Theoretical framework:
Performance autoethnography (Harris 2016; 2022) builds on embodied research that advances understandings of both creativity and learning as relational, emergent and collaborative (e.g. Amabile, 1995; Lucas, 2001; Vygotsky, 1984). It also challenges binaries including creative/analytic, student/teacher, essential/non-essential education texts. This performance utilises Tami Spry’s (2011) demand that in good performance - like in good education - one must understand the body navigating concepts of self, culture, language, class, race, gender, and physicality. This performance directs attention to new materialist and affective experiences of educational encounter, encourages transdisciplinary and transsectoral resistance to censorship in our schools and our lives, and highlights the value of diverse voices and perspectives made whole through the arts in school and academic educational contexts.
Methods and data:
This paper uses performance autoethnography as an arts based method to focus on recent educational reforms in Australia, where the presenter lives. By bringing this rebuttal to a national prioritisation on Science of Learning approaches into the body, this performance adheres to Spry’s (2011) injunction to bring politics back to the body, the breath, and the senses. I also draw on Nigel Thrift’s articulation of non-representational theory to remind the audience that research that eschews representational truth-claims is legitimate research and can offer higher impact through the somatic and sensory enquiry of felt and lived experiences.
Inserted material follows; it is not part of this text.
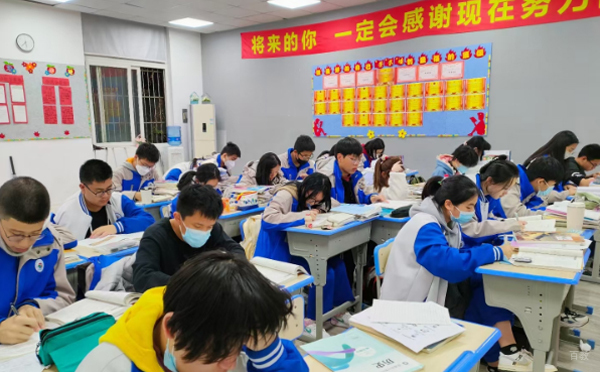 沪上初中升学路径全解：五类入学方案深度对比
Lastly, the performance calls on Maggie MacLure’s use of the term ‘glow moments’ in attending to data - moments that animate themselves, that have their own lives, and that seek to be activated rather than gathered or interpreted.
Results and significance:
By resisting contemporary waves of retraction and injustice in education, this presentation reminds us that our bodies and voices are central to that resistance, and that speaking and embodying alternative futures is a powerful tool against oppression. From the new imperative to use Science of Learning approaches in all schools in Australia, and the censorship which may be strongest in Florida today but is moving across the globe, this presentation asserts that just because a phenomenon is currently widespread, doesn’t make it just, or in the words of Amanda Gorman, that “the norms and notions of what ‘just is’, isn’t always justice.” In this presentation, we stress the significance of the human body and speaking truth to power to continue to resist injustice in education, one person at a time.